Im in the market for some new boots. My old ones are too big 

Whenever I try on boots, even if they are a very tight fit on me (small size), I always feel like the jbars arent big enough. I can wiggle my foot around and I am trying to reduce that as much as possible. I never really feel like the J bars are really holding me down/locking me in.

Are there any boots/brands that put hefty Jbars in? Or are designed for smaller ankles maybe? Or are known to have Really good heel hold.

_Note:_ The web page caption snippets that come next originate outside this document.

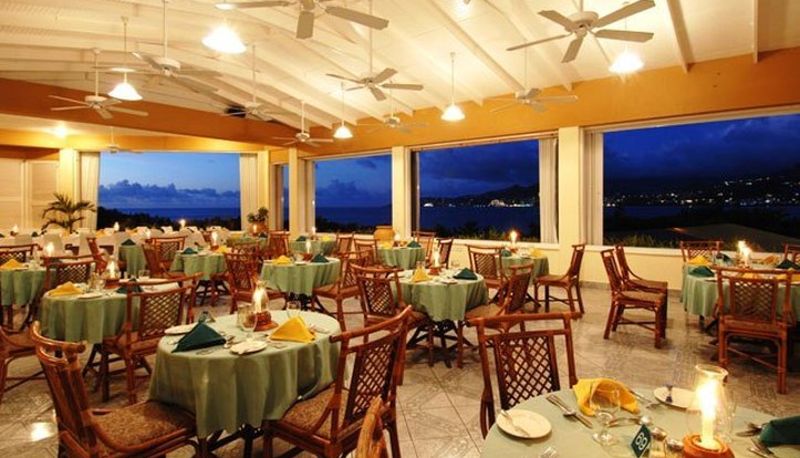 Restaurante - Flamboyant Hotel and Cottages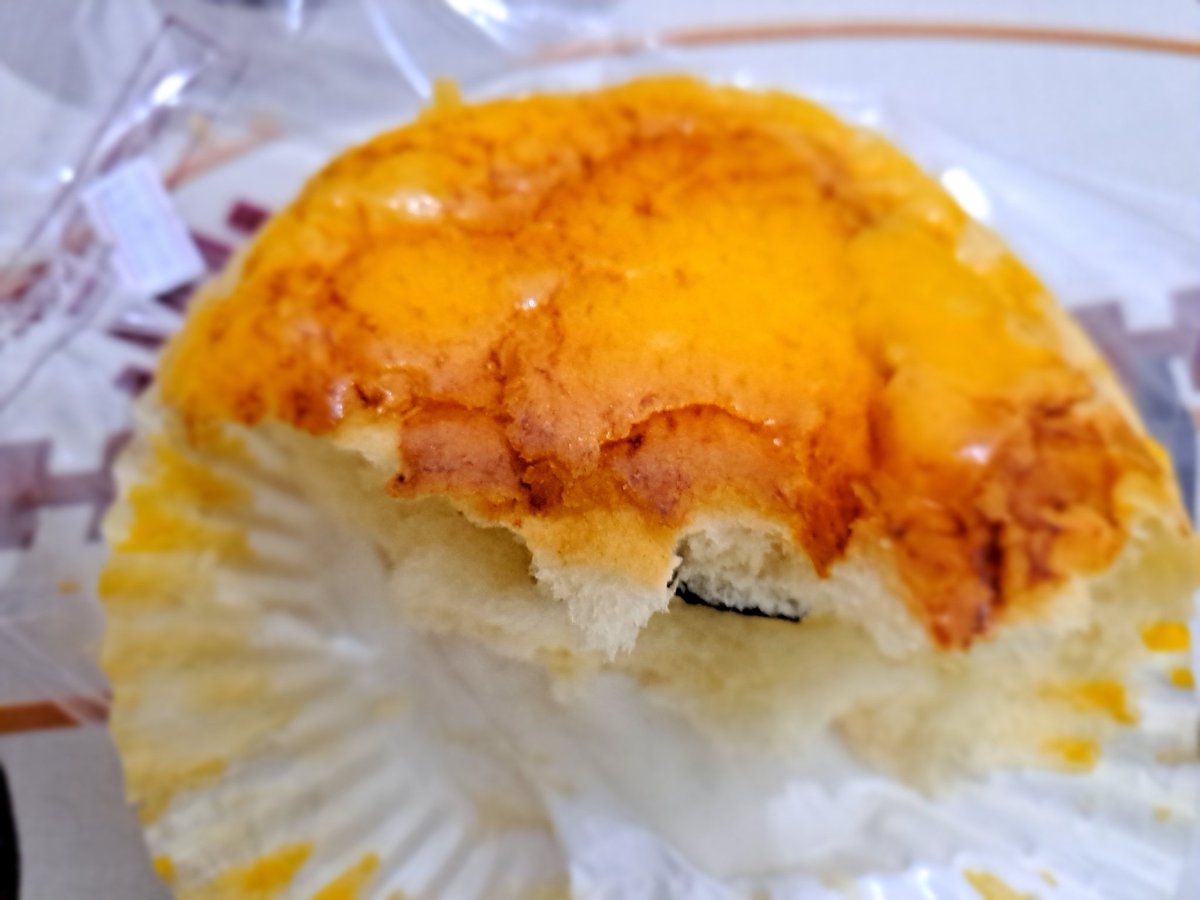 hildawigati's tweet photo. Oemar Bakery---- thissssss....  nemu roti terlembut dsn terenak disiniiiii 😋😋😋😋 https://t.co/8SV1MFxNFB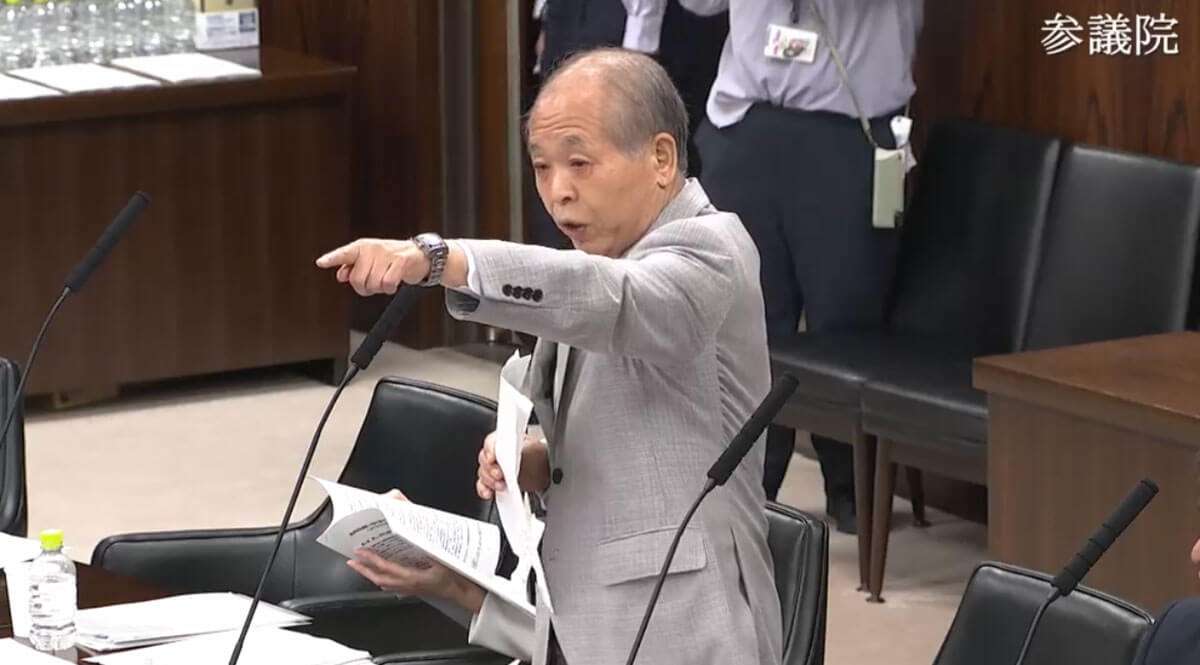 望月衣塑子記者の「国会不規則発言」 鈴木宗男議員は「東京新聞の取材パスを全て取り上げるべきだ」 社内でも「上層部の責任」と批判噴出（抜粋） | デイリー新潮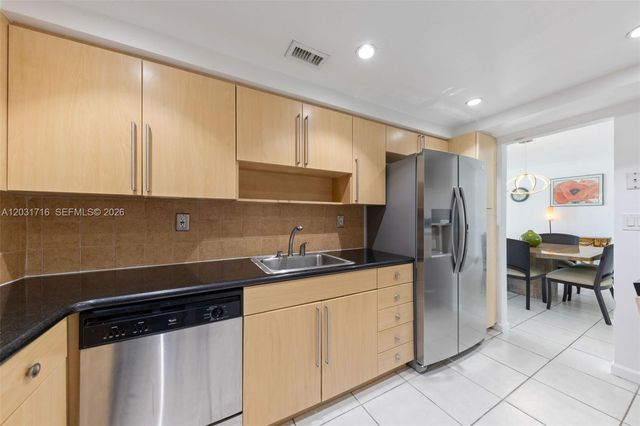 10350 W Bay Harbor Dr 5E, Bay Harbor Islands, FL 33154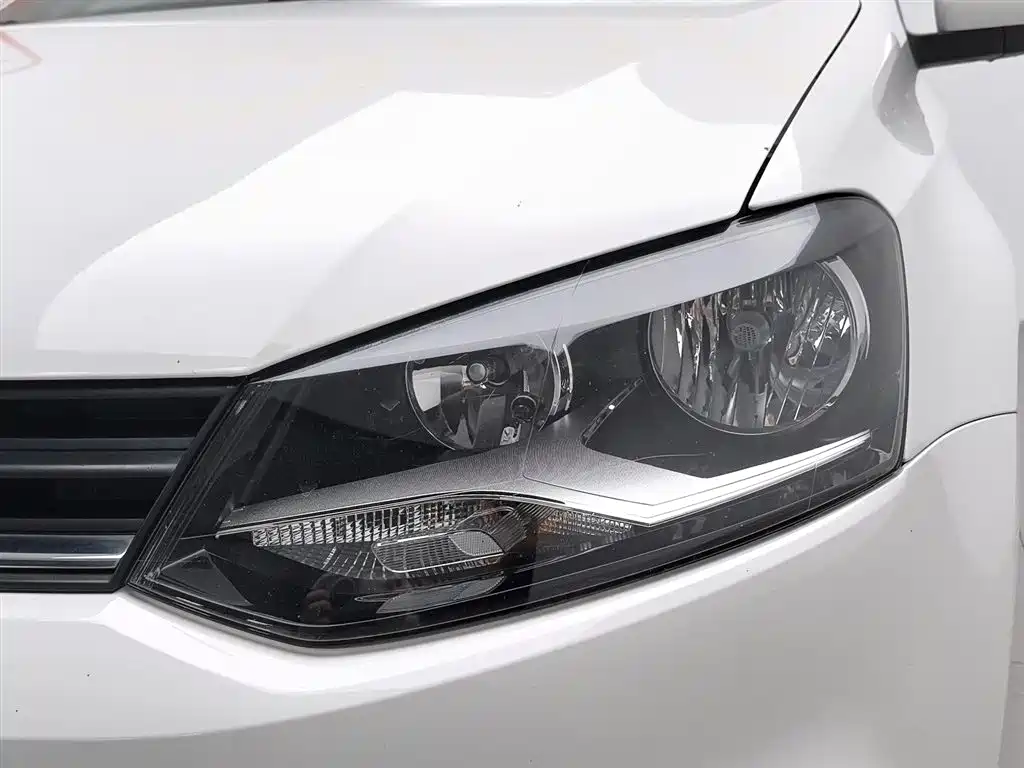 Volkswagen Polo 2018 1.5L Manual Safe Drive фото 7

I tryed on Ride, burton (though I didnt like em at all and would hate to buy burton), and K2. Any other good brands to try on/make sure I don't miss? I know theres 32 and salomon. Anything else good?


Thanks a lot in advance


----------



## legallyillegal (Oct 6, 2008)

nitro boots


----------



## ifresh21 (Oct 19, 2009)

legallyillegal said:


> nitro boots


Those are the only ones I didn't try cuz Im like - nitro must suck. lol

Ill try those wen i go back.

They didn't have any 32 in my size. Another shop might have it i have to see.

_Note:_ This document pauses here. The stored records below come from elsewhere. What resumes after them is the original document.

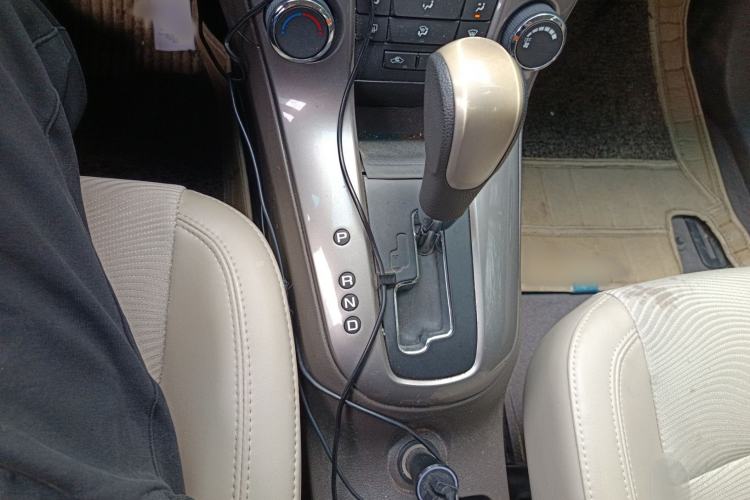 Used Chevrolet Cruze 2015 1.5L Classic SE AT Gear Lever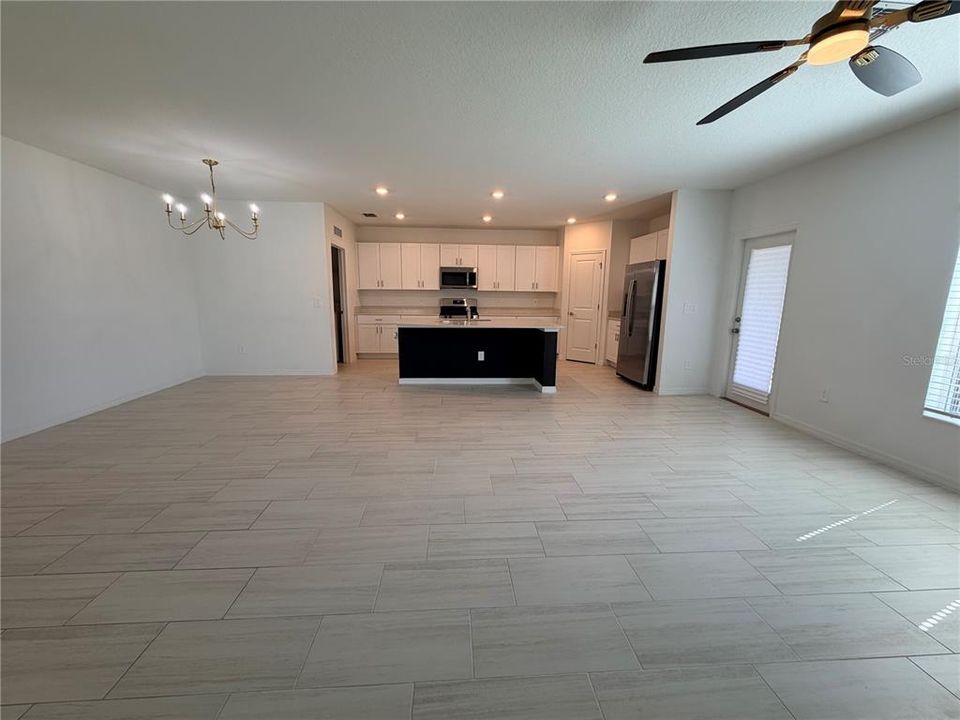 For Rent: $3,000 (5 beds, 2 baths, 2254 Square Feet)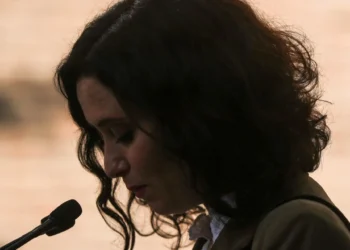 España Acusan de fraude a la pareja de la presidenta de la Comunidad de Madrid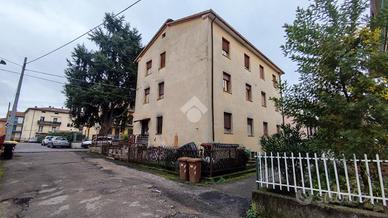 3 LOCALI A CITTÀ DI CASTELLO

Ok 32 and Nitro are on my list to try now. Thanks

oh yea i also really want boots with a speed lacing system(boa, pull cords, w.e). 

Anything else?


----------



## w3iiipu (Feb 26, 2009)

whats the jbar in boots? :dunno:
________
SelenaCutie


----------



## Ghost_Rider_X (Oct 16, 2009)

w3iiipu said:


> whats the jbar in boots? :dunno:


j-bar prevents heel lift. other companies call it different things.

i went on a journey the other day and tried on 15 pairs of boots. although they didn't fit my foot celsius boots had really good heal hold. i ended up with some 09 northwave decades. unbelievably comfortable and definitely another brand to try. remember to try and find 09 models if you can...save you a ton of money.

i tried on 2010 northwaves and loved them. found the same boot in an 09 model and aside from cosmetic changes they're the same thing. saved over a 100 bucks.

**and remember if you try a boot on and it doesn't have awesome heel hold you can add heel lifts. they go in the liner under the footbed and take up some room in the boot. really helps with lift.


----------



## B.Gilly (Jul 23, 2008)

w3iiipu said:


> whats the jbar in boots? :dunno:


They look like little L or J. Image below for you.


----------



## ifresh21 (Oct 19, 2009)

Ughh i forgot to try on nitro.

I ended up getting Ride boots.

Salomons felt AWESOME! but the construction felt super cheap and they were a little iffy.

Unfortunately, no shops sells celsius or noorthwave (in my area)

thx


----------